Abstract

The purpose of the paper is to analyse the translation into English and Korean of the old Polish criminal law terminology used by Adam Mickiewicz in his renown poem entitled “Master Thaddeus, or the Last Foray in Lithuania: A Nobility’s Tale of the Years 1811–1812, in Twelve Books of Verse” Mickiewicz (Pan Tadeusz czyli ostatni zjazd na Litwie. Historia szlachecka z roku 1811 i 1812 we dwunastu księgach wierszem). The research methods used encompass the analysis of parallel texts of the poem. The authors first selected the fragments of the poem containing criminal law terminology.

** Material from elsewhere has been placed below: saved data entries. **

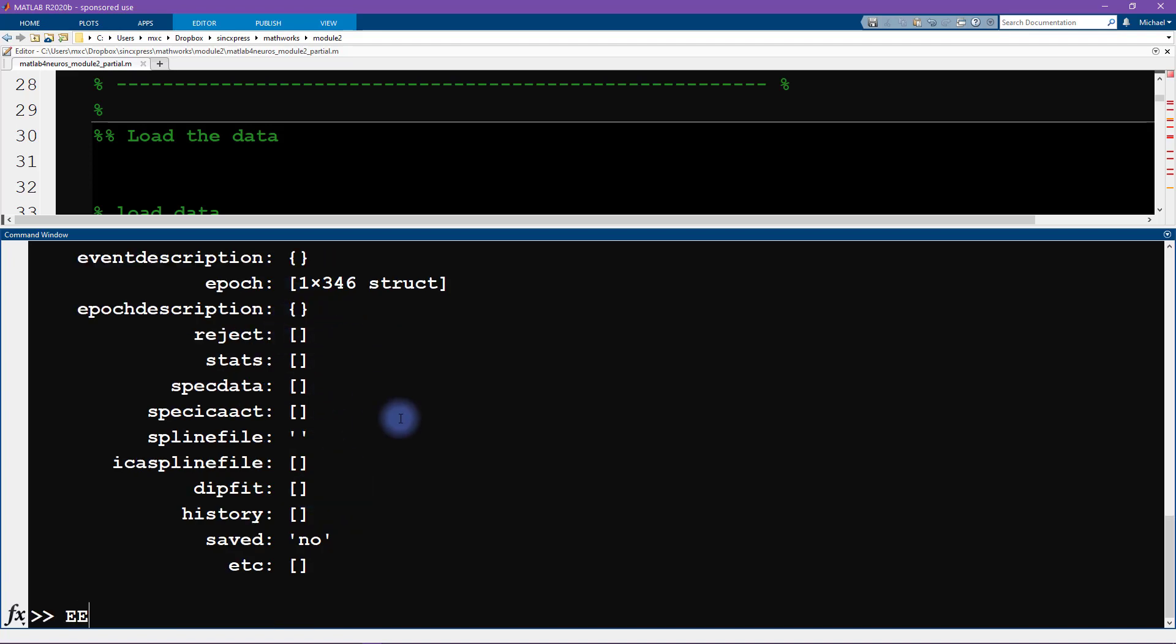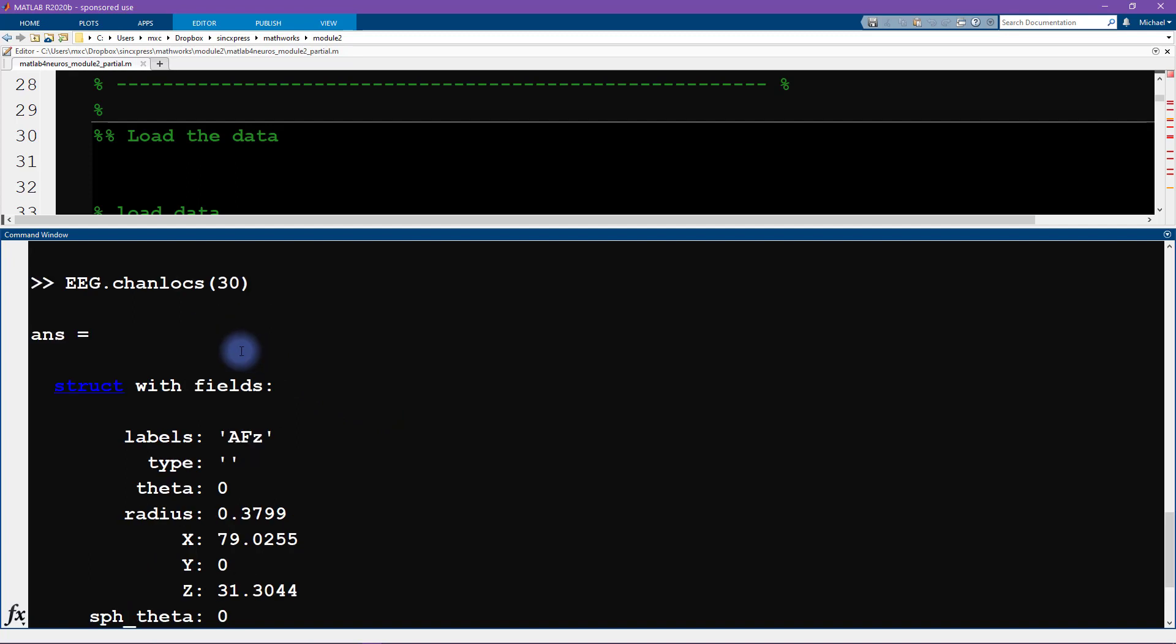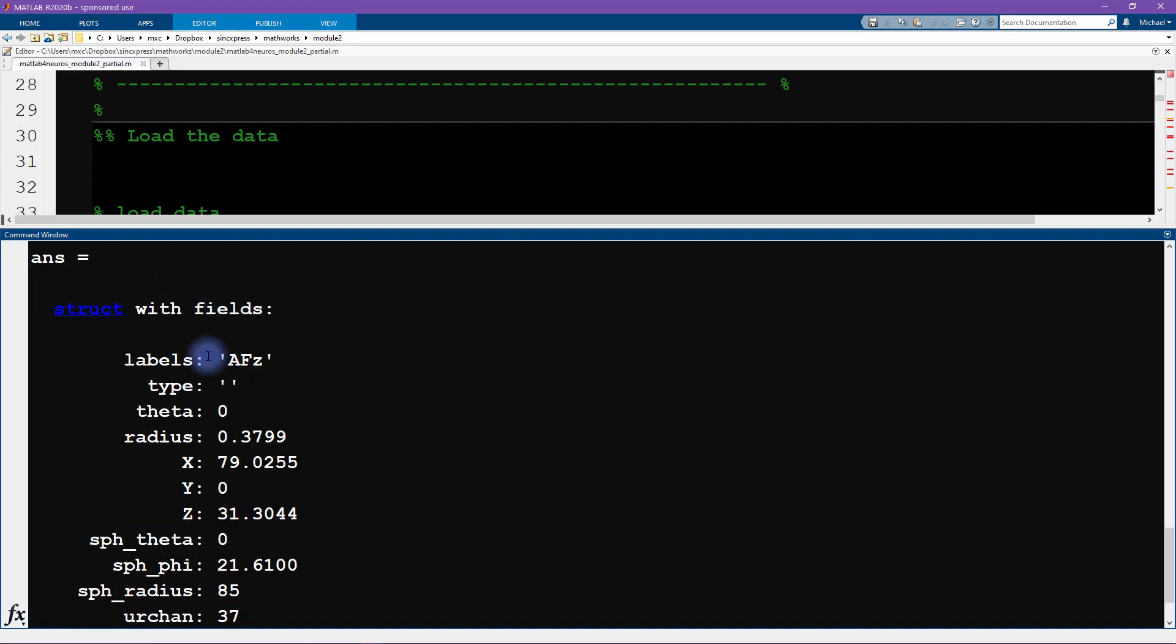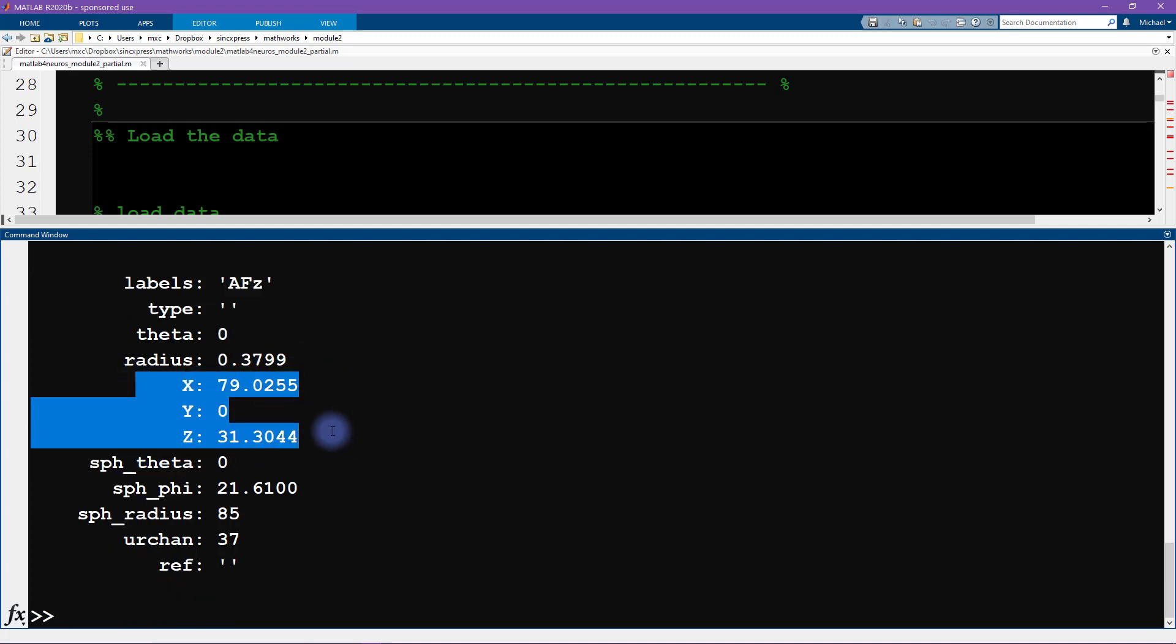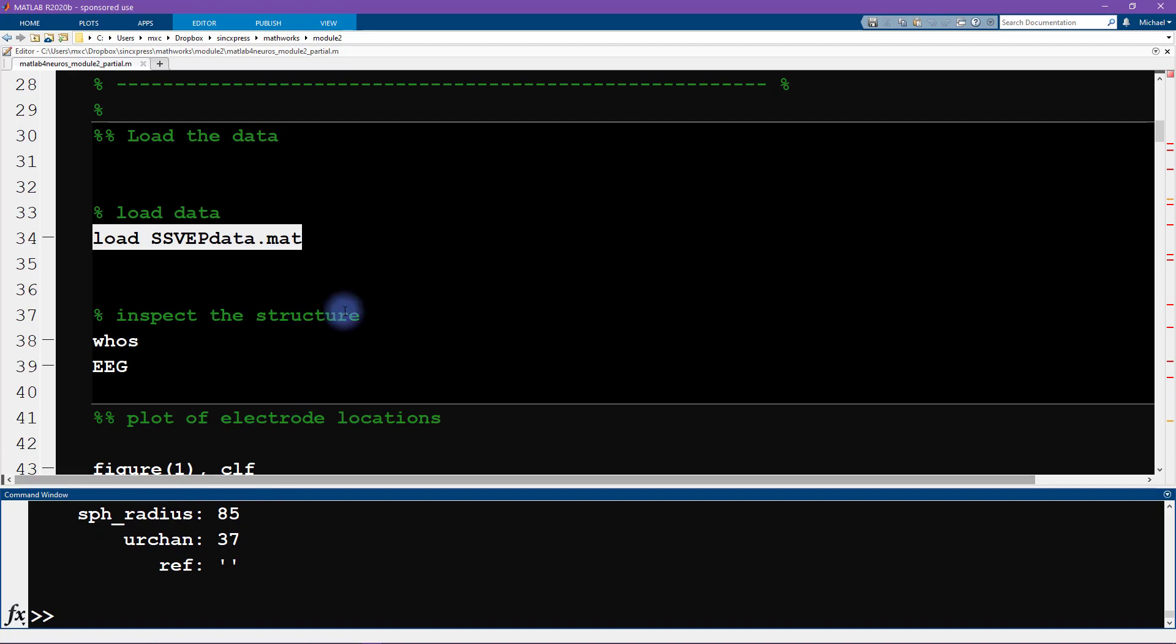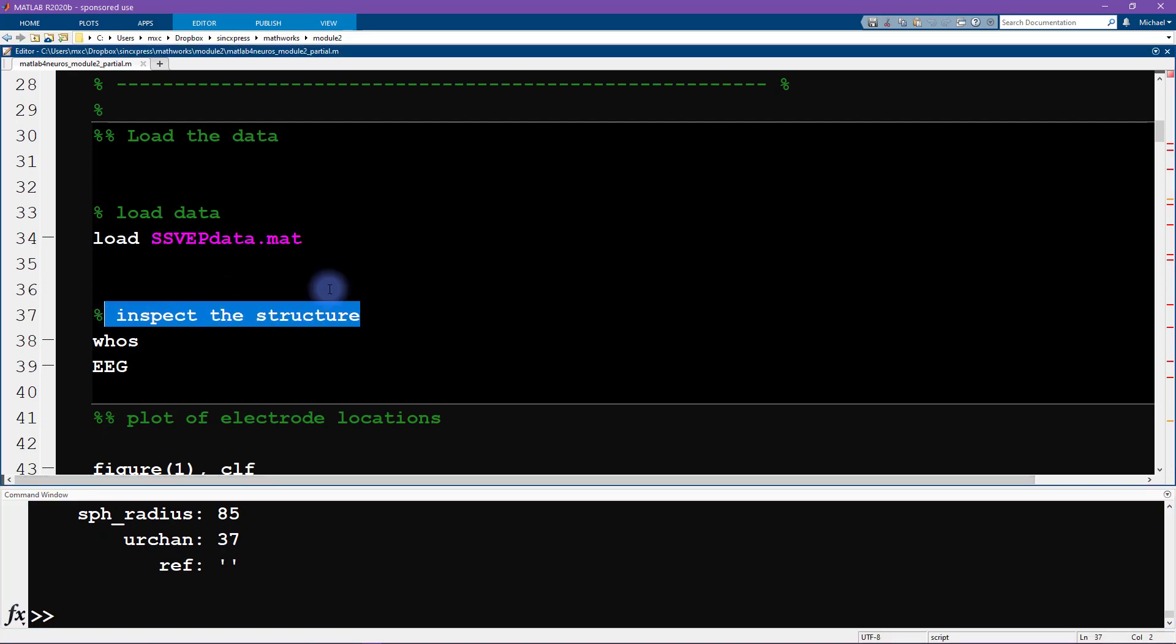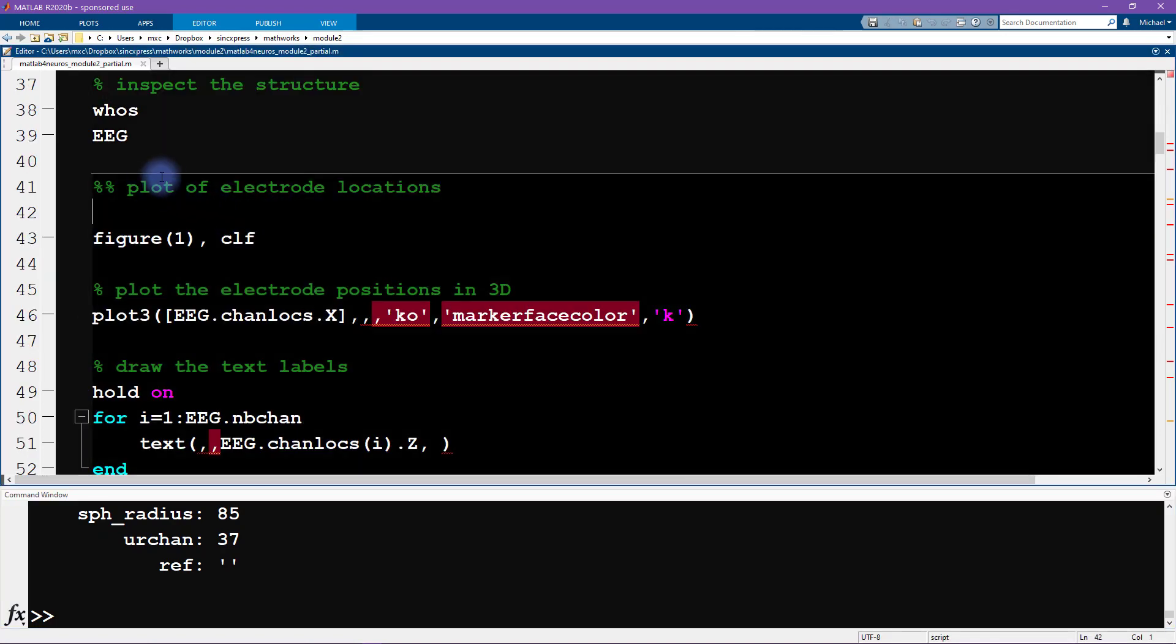We can have a look at this EEG.chanlocs and let's have a look at electrode number 30. So we can see that this is electrode number 30, it's the 30th channel index. Here is the label. We're also going to be using this information. These are the XYZ coordinates of the electrode on the scalp. So with that as an introduction to the data structure, let's start plotting.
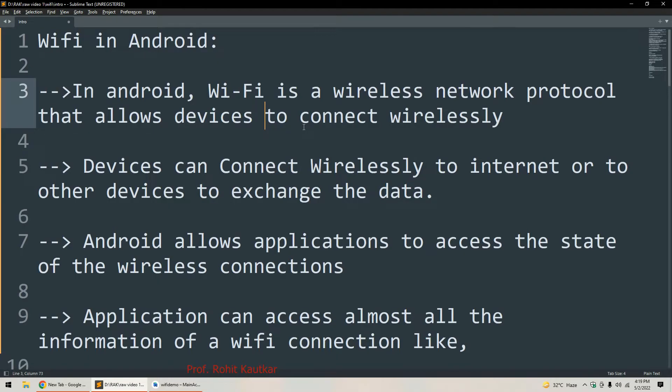Hello friends, welcome back to our channel. This is Rohit. In today's video we are going to discuss Wi-Fi in Android — how we can control Wi-Fi in an Android application. First we will discuss the class available for controlling Wi-Fi, then the different permissions required, and at the end I will discuss a simple example where we will turn on and turn off Wi-Fi through an Android application.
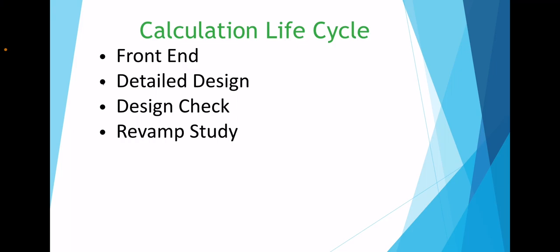After the startup, in case there are issues, and further during any revamps of the process plant, hydraulic calculations are again done. Now let's have a look at each of them briefly.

Next analysed two translations into English (Biggs in Master Thaddeus, or the last Forey in Lithuania—by Adam Mickiewicz, an Historical epic poem in XII books, translated from the original by Biggs, with a Preface by W.R. Morfill, M.A. and Notes, by the translator and Edmond Naganowski, Trübner et Comp, London, 1885 and MacKenzie in Adam Mickiewicz. Pan Tadeusz or the Last Foray in Lithuania. A Tale of the Gentry in the Years 1811 and 1812 translated into English verse with Introduction by Kenneth R. Mackenzie, Polska Fundacja Kulturalna, Londyn, 1990) and one into Korean Cheong et al. (『판 타데우시』 [Pan Tadeusz] Hankuk University of Foreign Studies, Seoul, 2005). The findings reveal that the terminology under scrutiny in the majority of cases must be considered obsolete and legal system-bound. Mickiewicz (1834) referred to the laws binding Poles under the Third Lithuanian Statute (Wilno, 1774). Therefore, the translators had to face the challenge of deciphering the appropriate meanings and finding equivalents sufficiently conveying them.